Пыталась вспомнить его лицо, — и не могла.

Слишком уж переполнял меня ужас в тот момент. Ничего не помню. Только то, что роста огромного, глаза черные, и волосы. Но не восточный, точно.

Вот тот, второй, кто сидел по другую руку Маниза, — вот тот страшный, это я помню. На зверя лютого чем-то похож. Глаза — яростные, полыхающие, ноздри прям раздуваются, — такое ощущение, что бросится на всех в любой момент готов. Сразу видно, — бандит. А этот… Нет, страха я не помню, когда на него осмотрела. Холодный, бесстрастный, — да. Но — не жуткий, как Маниз, и тот, другой.

— Помни, — ты должна молчать. — Ты — существо для ублажения хозяина.
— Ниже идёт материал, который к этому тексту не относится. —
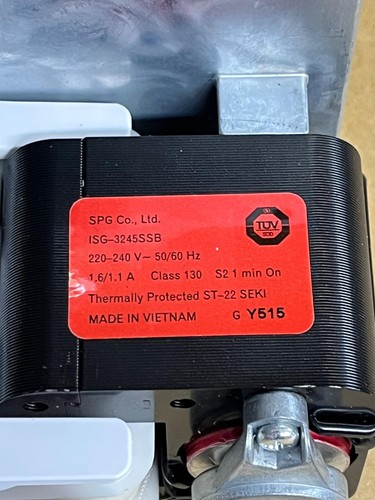 SAMSUNG Motor Eisbereiter Eiszubereiter DA31-00210E Kühlschrank RS6GN8222S9 - Bild 4 von 4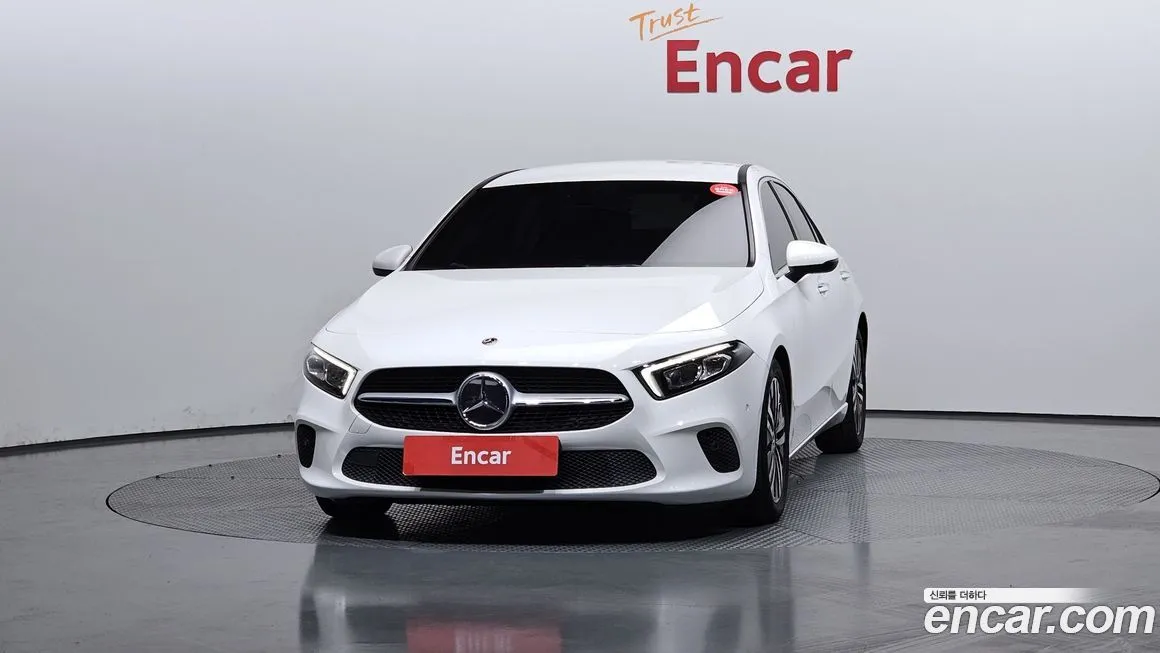 Mercedes-Benz A-Class 2021 из KR, фото 3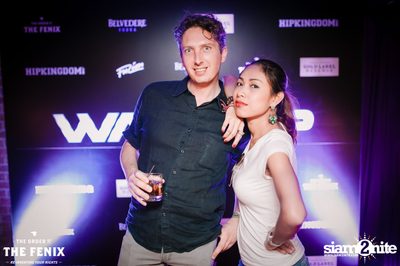 WAKE UP feat. STEVE BUG ที่ ไลฟ์ อาร์ซีเอ กรุงเทพฯ — photo 25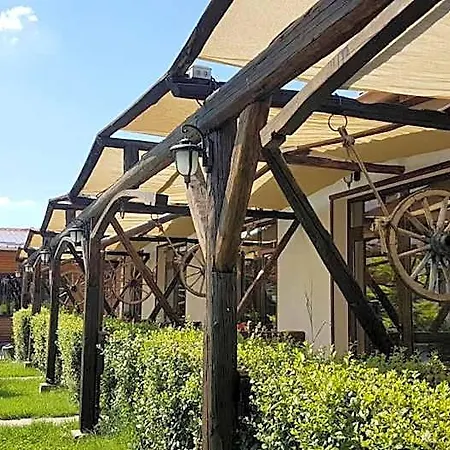 Seven Generations Winery Ξενοδοχείο Mechka
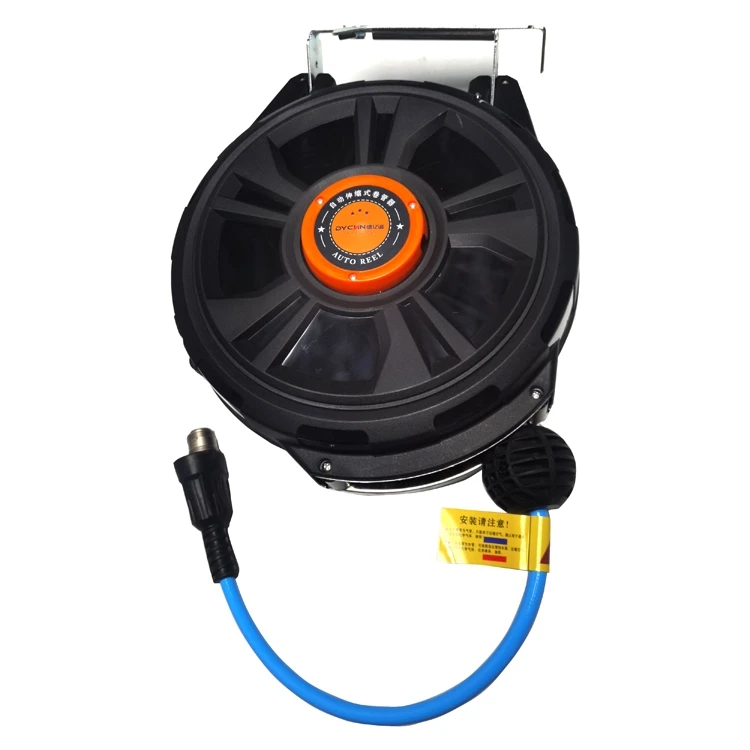 New type of automatic telescopic tube equipment cable reel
Безмолвное существо, — говорила мне Зафира, ведя под руку в огромный дом, к которому мы приехали. — И, когда хозяин рядом, твоя голова должна быть склоненной. Молчишь и ждешь, когда он что-нибудь прикажет.

Я слушала, — и пропускала мимо ушей. Главное, — чтобы он поскорей приехал. А дальше — нам останется только объясниться.

Какая-то женщина, выслушав Зафиру, увела меня в комнату и приказала ждать. Кажется, — спальня того самого хозяина. И я послушно ждала, — даже на стул присесть не осмелилась, хоть ноги и едва меня держали. Лучше не раздражать его лишний раз.

Кто же мог подумать, что он совсем не станет говорить?!

Что — ТАК все выйдет, и он сразу же схватит меня, чтобы сделать то, что не закончила охранники?

И вот теперь я, подмятая его тяжелым телом, даже рассчитывать на спасение не могу!

Теперь я — просто шлюха, с которой делают все, чего хочется!

Как же так вышло???

Как же моя жизнь превратилась вот в это, Господи?

И, — ну почему я не отдала свой первый раз любимому?

Зачем ждала?

Лучше бы с ним, пусть даже и без свадьбы, без обещаний, — а теперь — вот это…. Вот так…

— я не шлюха, — выдыхаю одними губами, — горло свело таким спазмом, что даже собственного голоса не слышу.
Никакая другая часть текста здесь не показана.